Whilst I understand the sorting case, and also the parent-child limitations called out elsewhere, having a means to specify "run to completion but fetch no more than n records" for testing purposes will reduce the cost of CI/CD and improve the overall developer experience for Tap maintainers.

Looking further down the line, I still cannot see a reason why this feature couldn't be made available with limitations/caveats; i.e. setting record limits for the purposes of syncing is only available to sorted parent streams, for all the reasons you mentioned. There are plenty of sources that are sorted and not nested that would work as expected and benefit hugely (including many if not most SQL use-cases) 🙂

aaronsteers · 2023-02-08T05:48:32Z

@aaronsteers that makes sense for the connection test, but doesn't help for the rest of the standardised test suite. The root issue is that tests require a finalised sync to perform stream-level tests.

My point above is that because it's impossible to do so, and because that is understandably part of the spec, we should not add the feature - because we can't deliver generically and still meet the minimal set of Spec-adherence expectations.

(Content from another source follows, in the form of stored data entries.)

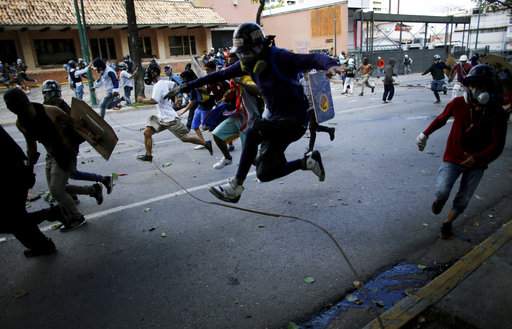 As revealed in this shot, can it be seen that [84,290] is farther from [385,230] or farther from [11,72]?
[11,72]

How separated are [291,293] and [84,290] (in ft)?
5.62

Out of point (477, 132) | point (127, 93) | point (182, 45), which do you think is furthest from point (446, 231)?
point (182, 45)

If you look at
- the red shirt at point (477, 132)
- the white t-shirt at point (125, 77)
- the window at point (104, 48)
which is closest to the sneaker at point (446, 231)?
the red shirt at point (477, 132)

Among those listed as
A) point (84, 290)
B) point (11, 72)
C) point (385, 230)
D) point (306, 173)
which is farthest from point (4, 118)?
point (385, 230)

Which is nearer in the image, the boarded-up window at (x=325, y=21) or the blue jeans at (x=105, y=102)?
the blue jeans at (x=105, y=102)

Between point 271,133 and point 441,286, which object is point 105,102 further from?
point 441,286

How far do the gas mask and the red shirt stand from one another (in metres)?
0.06

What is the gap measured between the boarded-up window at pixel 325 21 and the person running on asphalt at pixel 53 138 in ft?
97.9

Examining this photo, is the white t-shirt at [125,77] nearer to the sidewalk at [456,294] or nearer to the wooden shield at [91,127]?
the wooden shield at [91,127]

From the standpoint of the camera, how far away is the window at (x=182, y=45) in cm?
3017

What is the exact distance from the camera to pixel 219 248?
3947 millimetres

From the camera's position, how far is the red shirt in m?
3.51

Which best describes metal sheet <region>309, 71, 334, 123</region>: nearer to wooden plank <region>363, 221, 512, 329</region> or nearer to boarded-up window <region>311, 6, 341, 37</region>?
wooden plank <region>363, 221, 512, 329</region>

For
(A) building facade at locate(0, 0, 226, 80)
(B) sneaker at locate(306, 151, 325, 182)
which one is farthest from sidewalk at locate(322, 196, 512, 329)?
(A) building facade at locate(0, 0, 226, 80)
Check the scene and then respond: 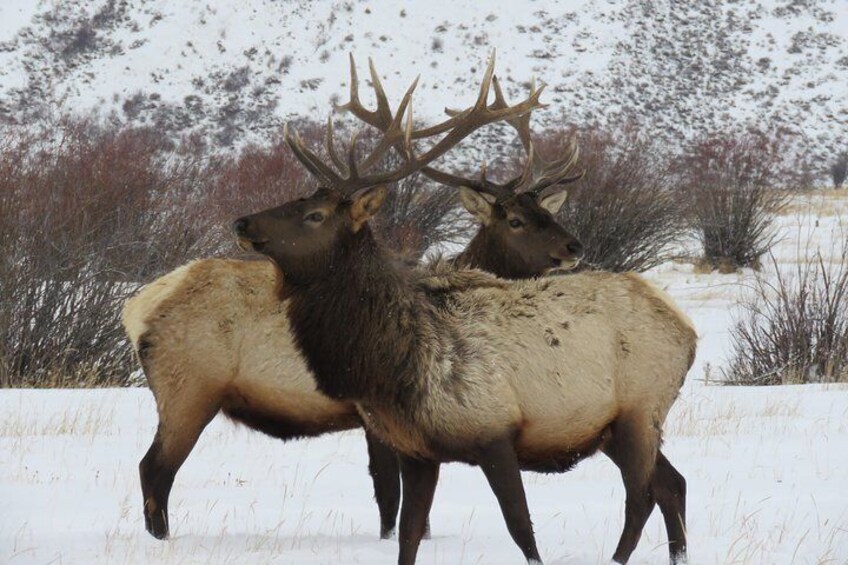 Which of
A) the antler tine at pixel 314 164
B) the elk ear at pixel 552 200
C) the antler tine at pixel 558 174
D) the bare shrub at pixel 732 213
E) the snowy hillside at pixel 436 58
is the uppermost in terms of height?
the antler tine at pixel 314 164

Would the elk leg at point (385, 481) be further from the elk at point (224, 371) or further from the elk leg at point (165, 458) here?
Answer: the elk leg at point (165, 458)

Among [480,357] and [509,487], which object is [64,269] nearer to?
[480,357]

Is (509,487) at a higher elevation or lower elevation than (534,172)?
higher

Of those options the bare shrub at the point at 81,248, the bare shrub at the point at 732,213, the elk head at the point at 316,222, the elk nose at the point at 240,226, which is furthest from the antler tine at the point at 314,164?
the bare shrub at the point at 732,213

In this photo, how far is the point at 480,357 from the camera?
15.8ft

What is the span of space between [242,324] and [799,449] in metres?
3.75

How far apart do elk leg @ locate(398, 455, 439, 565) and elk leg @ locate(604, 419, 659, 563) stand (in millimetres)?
776

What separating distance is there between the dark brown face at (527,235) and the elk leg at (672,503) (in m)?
2.11

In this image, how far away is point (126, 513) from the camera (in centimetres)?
588

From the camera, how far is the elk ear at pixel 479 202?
24.6 ft

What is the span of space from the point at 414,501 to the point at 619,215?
1526 cm

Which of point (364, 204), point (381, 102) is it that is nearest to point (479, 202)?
point (381, 102)

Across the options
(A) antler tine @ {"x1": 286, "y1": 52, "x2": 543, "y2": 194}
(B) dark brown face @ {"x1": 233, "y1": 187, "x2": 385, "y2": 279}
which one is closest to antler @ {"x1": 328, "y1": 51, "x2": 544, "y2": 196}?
(A) antler tine @ {"x1": 286, "y1": 52, "x2": 543, "y2": 194}

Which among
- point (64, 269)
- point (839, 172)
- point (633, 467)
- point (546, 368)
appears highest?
point (546, 368) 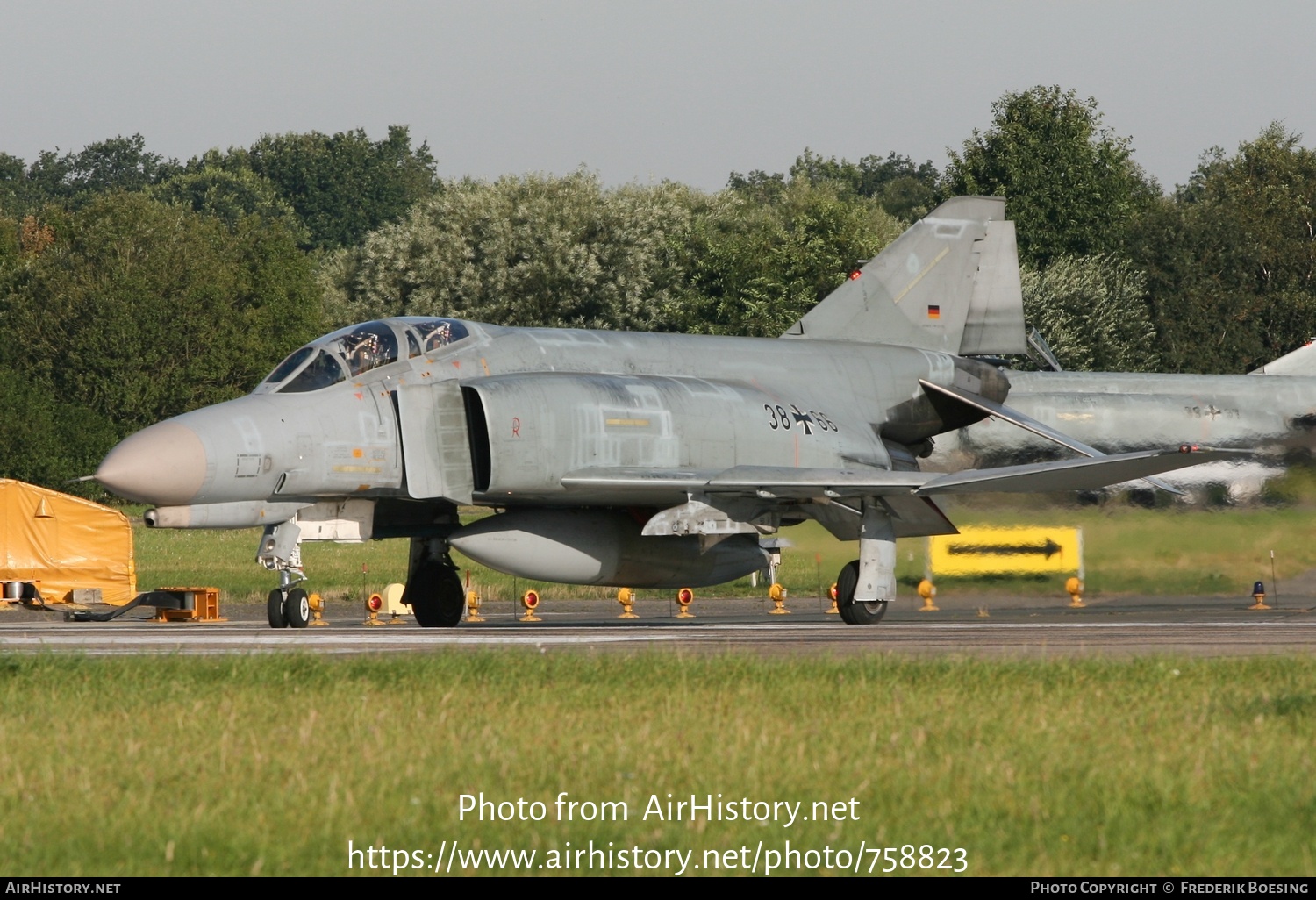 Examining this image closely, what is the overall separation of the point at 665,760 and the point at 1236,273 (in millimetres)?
61050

Ultimately we want to test that the Tap runs to completion, and (among other things) correctly finalises accumulated STATE into a bookmark.

Understood. Again my point is just that this is impossible, not that it is not desireable. We cannot finalize the STATE because the bookmark is invalid until all records are synced to that point.

https://sdk.meltano.com/en/latest/implementation/state.html#the-impact-of-sorting-on-incremental-sync

However we also want to reduce the cost of testing overall, by limiting the number of records fetched as part of that completed sync. Hence the desire to have a mechanism for limiting the number of records fetched and returned by get_records() that doesn't raise an error (which currently terminates the sync before completion).

If we're talking about testing, then the raised exception can be handled by the test harness. If we're talking about production syncs, the exception is needed to make sure we're alerting on the failure to complete the sync.

Whilst I understand the sorting case, and also the parent-child limitations called out elsewhere, having a means to specify "run to completion but fetch no more than n records" for testing purposes will reduce the cost of CI/CD and improve the overall developer experience for Tap maintainers.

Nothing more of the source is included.